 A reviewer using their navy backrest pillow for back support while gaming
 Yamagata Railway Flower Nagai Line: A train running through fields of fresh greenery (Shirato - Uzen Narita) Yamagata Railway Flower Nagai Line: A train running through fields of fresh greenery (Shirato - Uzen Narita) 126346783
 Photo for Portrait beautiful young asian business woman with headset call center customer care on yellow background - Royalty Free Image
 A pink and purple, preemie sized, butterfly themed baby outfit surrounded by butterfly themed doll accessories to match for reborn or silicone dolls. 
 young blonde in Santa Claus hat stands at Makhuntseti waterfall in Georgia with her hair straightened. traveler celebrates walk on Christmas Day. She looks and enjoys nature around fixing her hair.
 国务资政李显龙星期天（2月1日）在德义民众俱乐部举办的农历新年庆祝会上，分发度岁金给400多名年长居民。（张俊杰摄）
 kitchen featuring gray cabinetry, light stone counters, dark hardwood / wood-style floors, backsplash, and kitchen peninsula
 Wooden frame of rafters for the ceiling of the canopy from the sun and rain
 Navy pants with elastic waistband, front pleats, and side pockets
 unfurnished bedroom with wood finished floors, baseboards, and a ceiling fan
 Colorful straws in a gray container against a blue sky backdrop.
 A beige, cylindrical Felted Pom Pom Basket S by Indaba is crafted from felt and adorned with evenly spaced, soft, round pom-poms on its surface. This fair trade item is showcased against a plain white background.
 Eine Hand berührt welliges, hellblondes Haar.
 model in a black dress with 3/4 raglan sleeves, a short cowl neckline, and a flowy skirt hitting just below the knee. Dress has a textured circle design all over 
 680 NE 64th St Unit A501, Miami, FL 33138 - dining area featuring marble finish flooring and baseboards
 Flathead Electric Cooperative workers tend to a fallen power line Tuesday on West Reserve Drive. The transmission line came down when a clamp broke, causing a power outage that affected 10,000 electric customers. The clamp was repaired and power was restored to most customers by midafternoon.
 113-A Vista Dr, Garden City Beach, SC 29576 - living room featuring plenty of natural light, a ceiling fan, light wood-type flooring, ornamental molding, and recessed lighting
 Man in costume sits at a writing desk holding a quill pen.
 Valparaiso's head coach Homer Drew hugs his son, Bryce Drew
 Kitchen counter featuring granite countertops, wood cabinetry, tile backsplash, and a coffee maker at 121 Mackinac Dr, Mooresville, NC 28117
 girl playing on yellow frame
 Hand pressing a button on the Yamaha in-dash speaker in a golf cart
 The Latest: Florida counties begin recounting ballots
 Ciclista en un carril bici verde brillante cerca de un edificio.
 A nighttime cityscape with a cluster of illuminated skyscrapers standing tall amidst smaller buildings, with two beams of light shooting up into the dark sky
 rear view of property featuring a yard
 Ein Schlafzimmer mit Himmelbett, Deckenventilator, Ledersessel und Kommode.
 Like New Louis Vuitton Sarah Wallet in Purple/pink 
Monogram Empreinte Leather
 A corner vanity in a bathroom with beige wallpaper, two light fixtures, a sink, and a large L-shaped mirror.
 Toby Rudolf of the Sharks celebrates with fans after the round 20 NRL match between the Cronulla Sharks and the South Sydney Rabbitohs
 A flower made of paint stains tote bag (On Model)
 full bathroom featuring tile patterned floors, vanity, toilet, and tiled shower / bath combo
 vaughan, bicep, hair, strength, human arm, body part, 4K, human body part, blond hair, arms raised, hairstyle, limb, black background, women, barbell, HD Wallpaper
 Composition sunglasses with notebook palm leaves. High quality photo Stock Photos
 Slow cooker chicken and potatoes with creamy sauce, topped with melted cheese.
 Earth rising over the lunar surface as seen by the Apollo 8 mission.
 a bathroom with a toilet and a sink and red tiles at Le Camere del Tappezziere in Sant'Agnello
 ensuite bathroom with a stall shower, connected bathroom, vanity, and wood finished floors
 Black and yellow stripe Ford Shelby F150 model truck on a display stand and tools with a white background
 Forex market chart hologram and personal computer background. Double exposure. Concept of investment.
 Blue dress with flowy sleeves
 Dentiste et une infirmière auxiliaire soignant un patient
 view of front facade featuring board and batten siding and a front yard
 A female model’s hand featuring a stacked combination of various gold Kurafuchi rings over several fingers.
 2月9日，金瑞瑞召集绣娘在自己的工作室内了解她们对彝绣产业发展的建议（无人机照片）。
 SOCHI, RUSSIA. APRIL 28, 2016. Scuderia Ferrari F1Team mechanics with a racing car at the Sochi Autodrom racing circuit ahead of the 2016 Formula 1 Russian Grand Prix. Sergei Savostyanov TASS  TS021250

▶ _Work order_: Give back exactly the lines of the listing, starting with the first and ending with the one bearing "Photo for Portrait". Add no other lines.

▶ _Solution below_:
 A reviewer using their navy backrest pillow for back support while gaming
 Yamagata Railway Flower Nagai Line: A train running through fields of fresh greenery (Shirato - Uzen Narita) Yamagata Railway Flower Nagai Line: A train running through fields of fresh greenery (Shirato - Uzen Narita) 126346783
 Photo for Portrait beautiful young asian business woman with headset call center customer care on yellow background - Royalty Free Image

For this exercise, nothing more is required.